WORK TO COMPLETE » Word for word, reproduce all entries below, leaving every picture out.

[Image-caption web data]
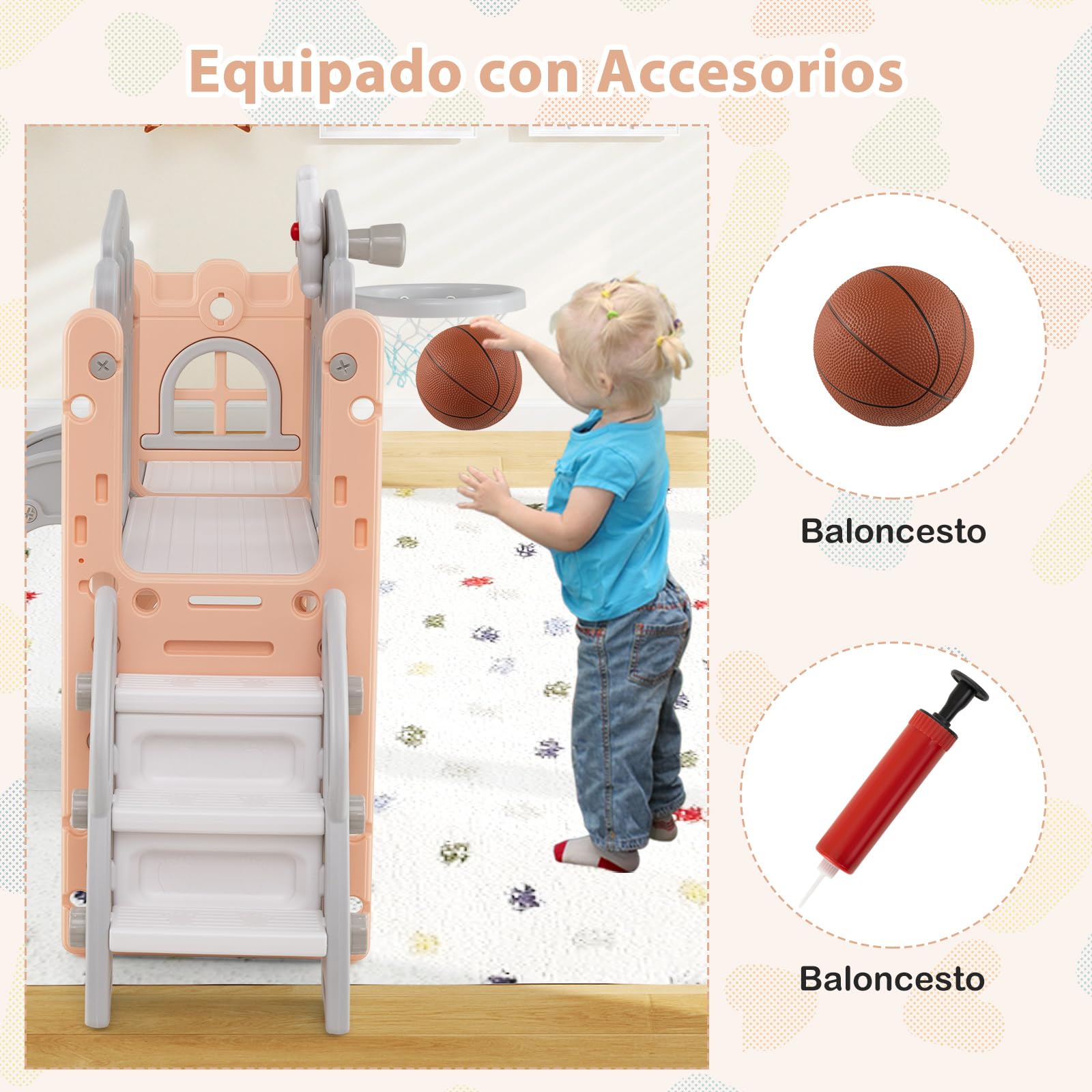 COSTWAY Tobogán Infantil 9 en 1, Juego con Tobogán y Escalera con Canasta de Baloncesto, Telescopio, Volante, Pasillo, Túnel y Espacio de Almacenamiento (Rosa y Gris)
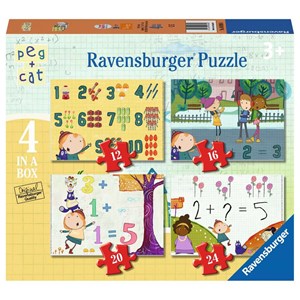 Ravensburger (06995) - "Peg + Cat" - 12 16 20 24 pieces puzzle
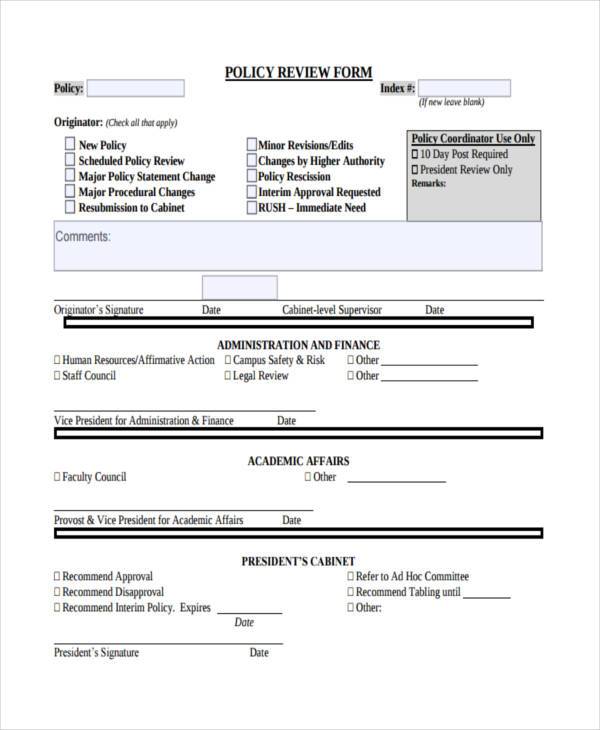 new policy review form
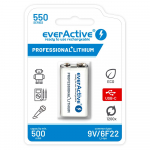Laetav aku everActive 6F22/9V Li-ion 550 mAh USB TYPE C-ga
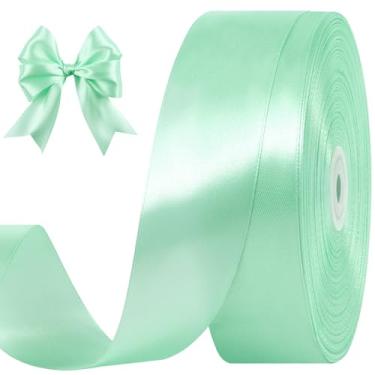 Imagem de CLUEWR Fita de cetim verde menta de 3,5 cm, 100 metros, rolo de fita para buquês de flores, embrulho de presente, casamento, artesanato feito à mão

RESULT OF THE EXERCISE »
 COSTWAY Tobogán Infantil 9 en 1, Juego con Tobogán y Escalera con Canasta de Baloncesto, Telescopio, Volante, Pasillo, Túnel y Espacio de Almacenamiento (Rosa y Gris)
 Ravensburger (06995) - "Peg + Cat" - 12 16 20 24 pieces puzzle
 new policy review form
Laetav aku everActive 6F22/9V Li-ion 550 mAh USB TYPE C-ga
 Imagem de CLUEWR Fita de cetim verde menta de 3,5 cm, 100 metros, rolo de fita para buquês de flores, embrulho de presente, casamento, artesanato feito à mão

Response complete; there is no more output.